▶ **The task**:
Every line of the listing should be retyped exactly, but none of the pictures should be.

▶ **Data extract**:
Content starts
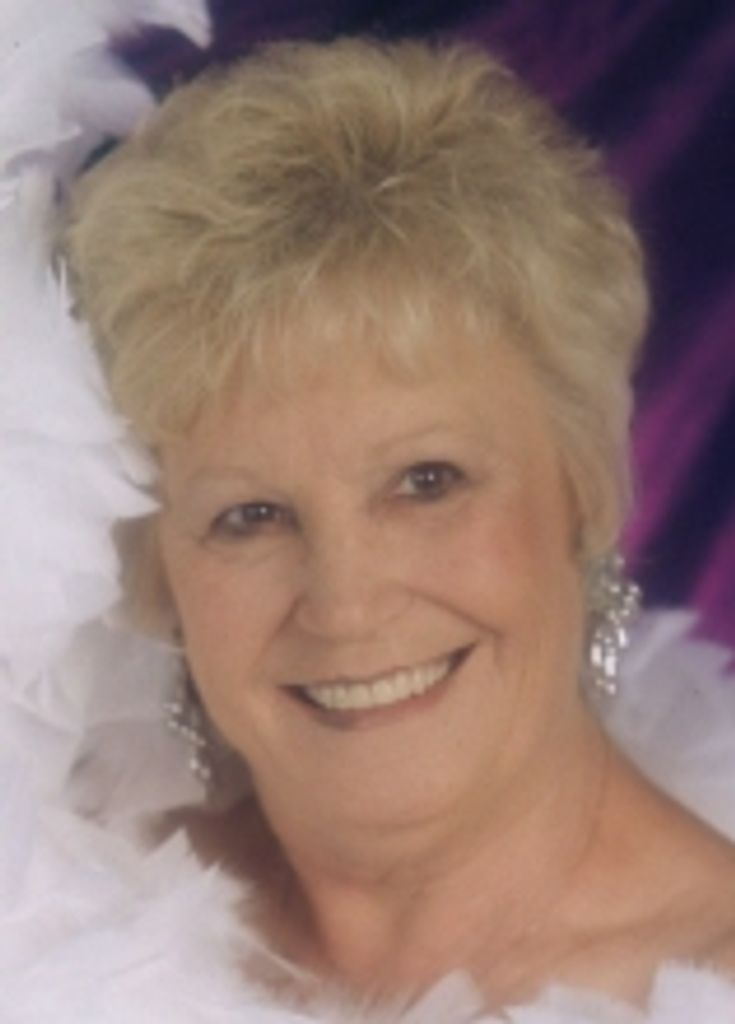 Doris Jean Harrod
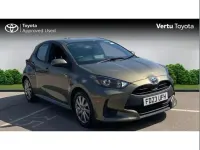 Used Toyota Yaris 113 HP (83 kW) 2023 Other Hatchback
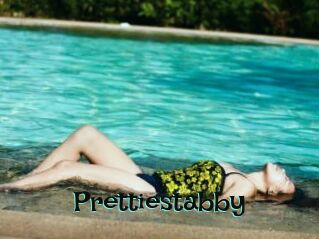 Prettiestabby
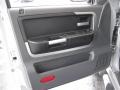 2006 Alloy Silver Mitsubishi Raider DuroCross Extended Cab 4x4  photo #14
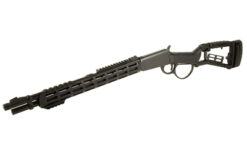 DERYA RAN IRONWOLF 45C 18" 8RD BLK - Image 3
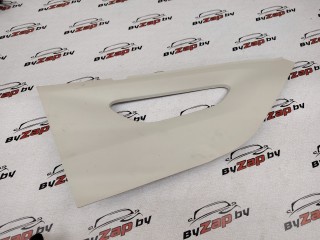 Декоративная накладка центральной консоли Buick Envision 2 поколение 2023, 2.0 л., бензин, АКПП, синий, внедорожник 5 дв., передний привод, 84911677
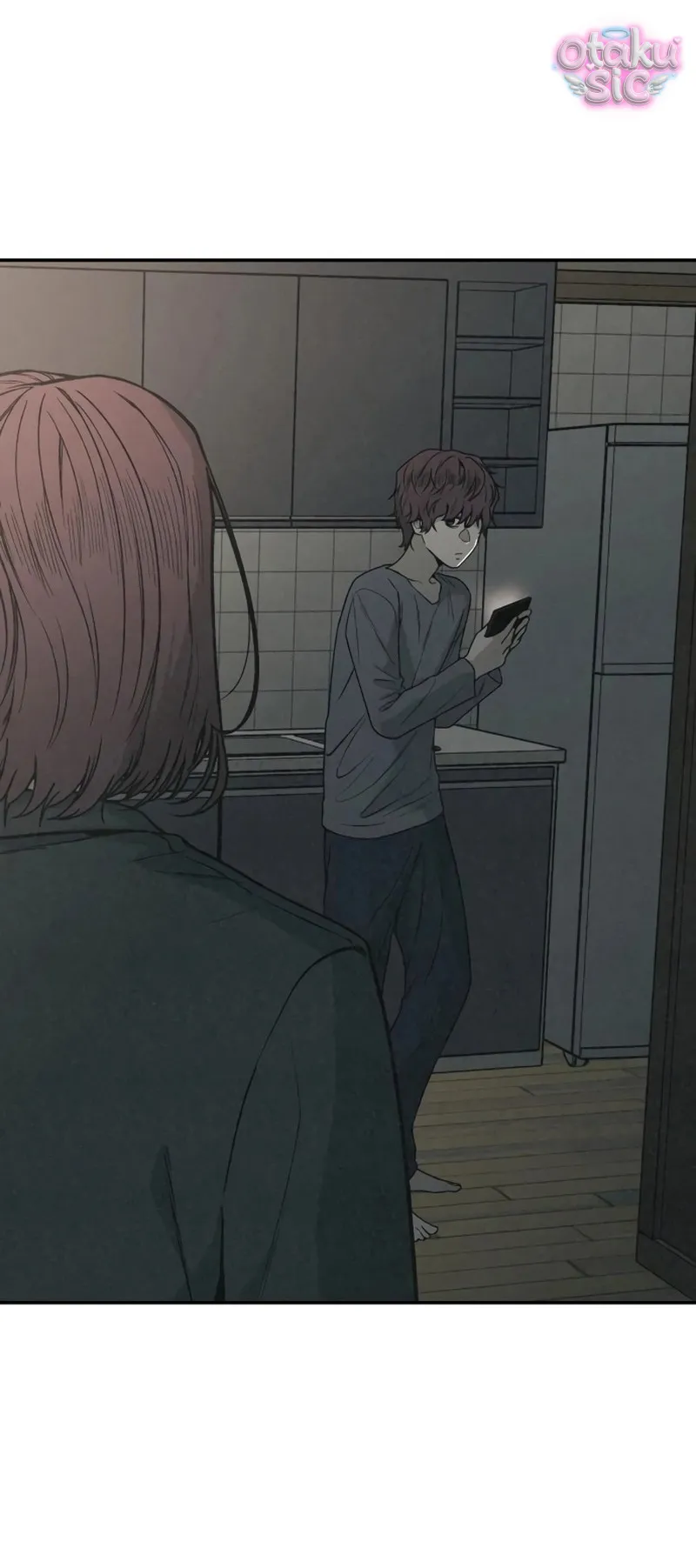 Vì cái chết của ngươi - Chap 3 - Trang 16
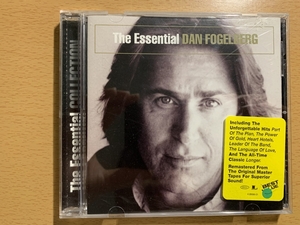 ★☆ Dan Fogelberg 『The Essential』☆★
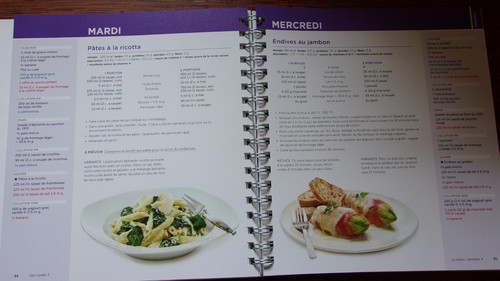 KILO CARDIO 3 ISABELLE HUOT FRENCH BOOK DE L'HOMME Editions DVD INCLUDED - Picture 6 of 12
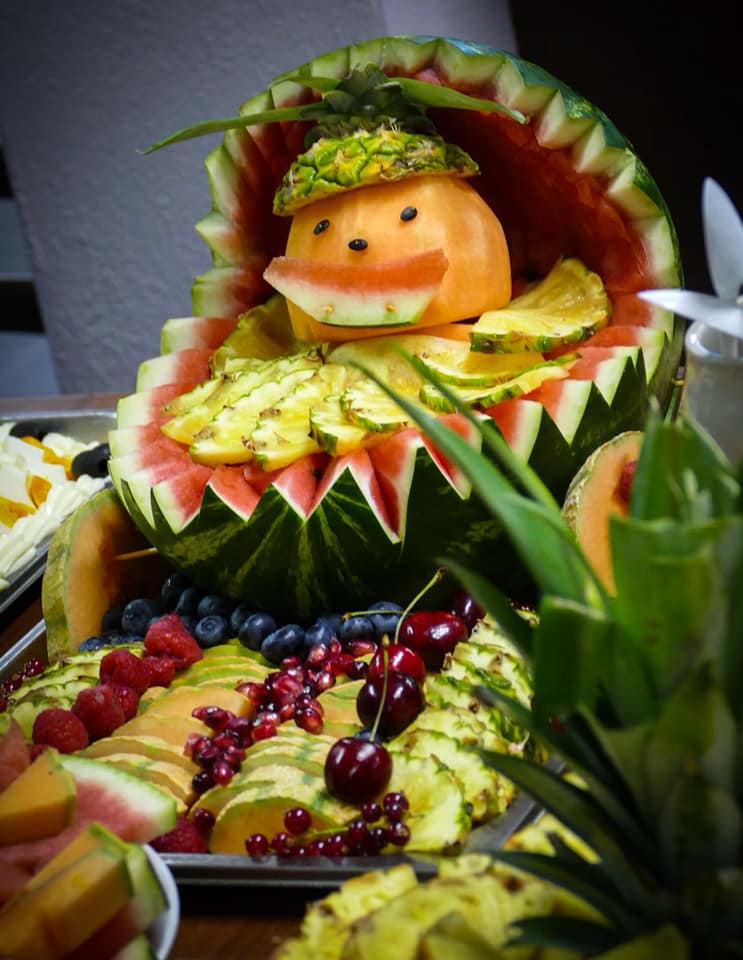 tavoli per matrimoni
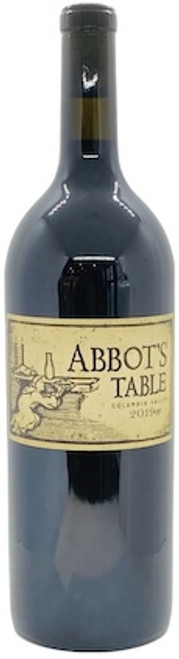 Owen Rose Abbot's Table (1.5 Liter)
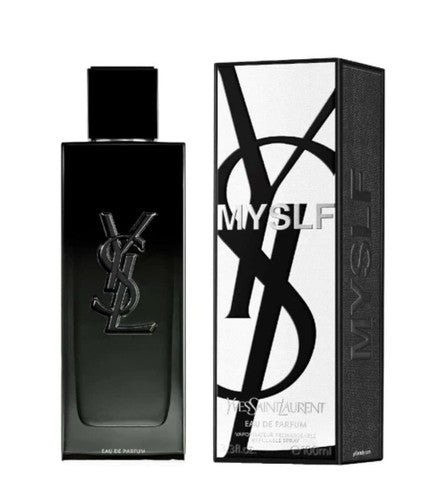 YSL MYSLF Eau de Parfum 3.3 oz – Men's Luxury Fragrance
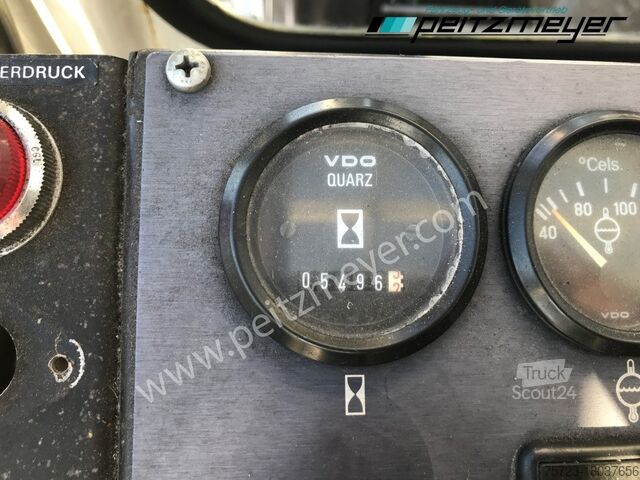 Frontstapler  Gabelstapler 25120-45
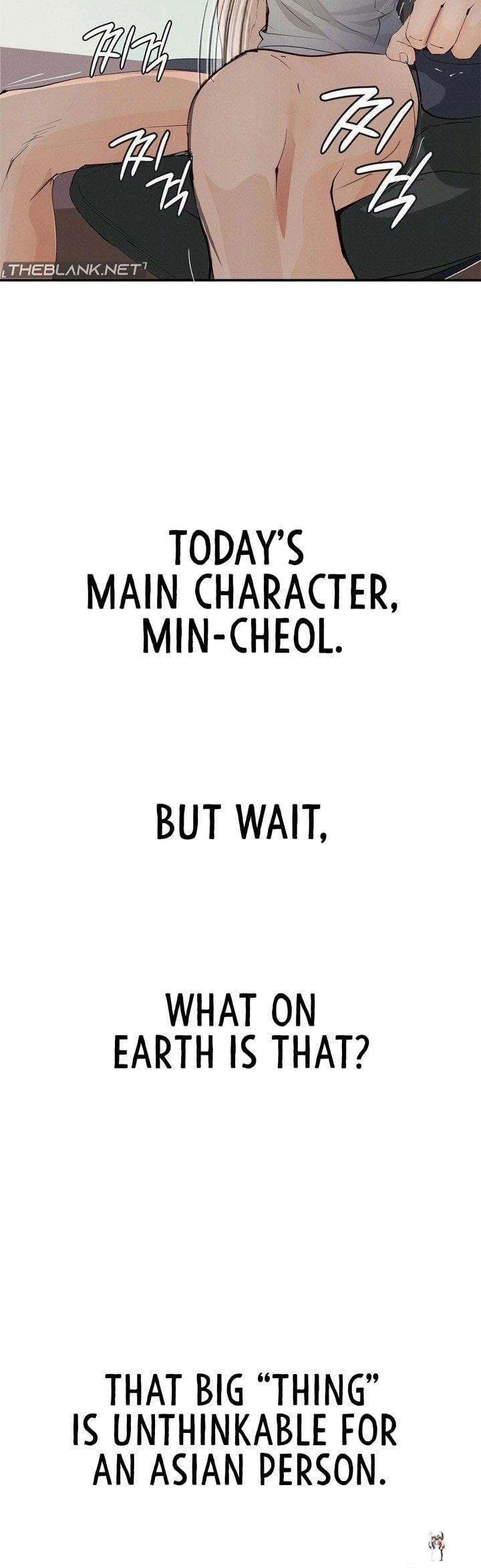 Observation Diary Observation Diary Chapter 27 - Trang 8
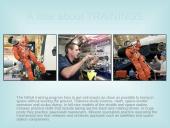 How to become an astronaut? 7 puslapis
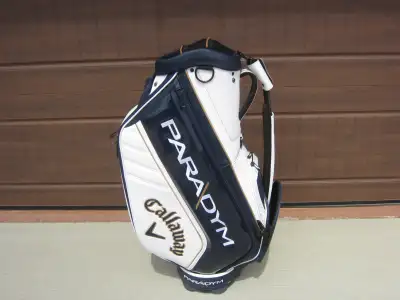 NEW *$1,020 STAFF BAG* + *$735 DRIVER*!! SAVE *$1,000*!!, View more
Content ends
▶ **Answer**:
 Doris Jean Harrod
 Used Toyota Yaris 113 HP (83 kW) 2023 Other Hatchback
 Prettiestabby
 2006 Alloy Silver Mitsubishi Raider DuroCross Extended Cab 4x4  photo #14
 DERYA RAN IRONWOLF 45C 18" 8RD BLK - Image 3
 Декоративная накладка центральной консоли Buick Envision 2 поколение 2023, 2.0 л., бензин, АКПП, синий, внедорожник 5 дв., передний привод, 84911677
 Vì cái chết của ngươi - Chap 3 - Trang 16
 ★☆ Dan Fogelberg 『The Essential』☆★
 KILO CARDIO 3 ISABELLE HUOT FRENCH BOOK DE L'HOMME Editions DVD INCLUDED - Picture 6 of 12
 tavoli per matrimoni
 Owen Rose Abbot's Table (1.5 Liter)
 YSL MYSLF Eau de Parfum 3.3 oz – Men's Luxury Fragrance
 Frontstapler  Gabelstapler 25120-45
 Observation Diary Observation Diary Chapter 27 - Trang 8
 How to become an astronaut? 7 puslapis
 NEW *$1,020 STAFF BAG* + *$735 DRIVER*!! SAVE *$1,000*!!, View more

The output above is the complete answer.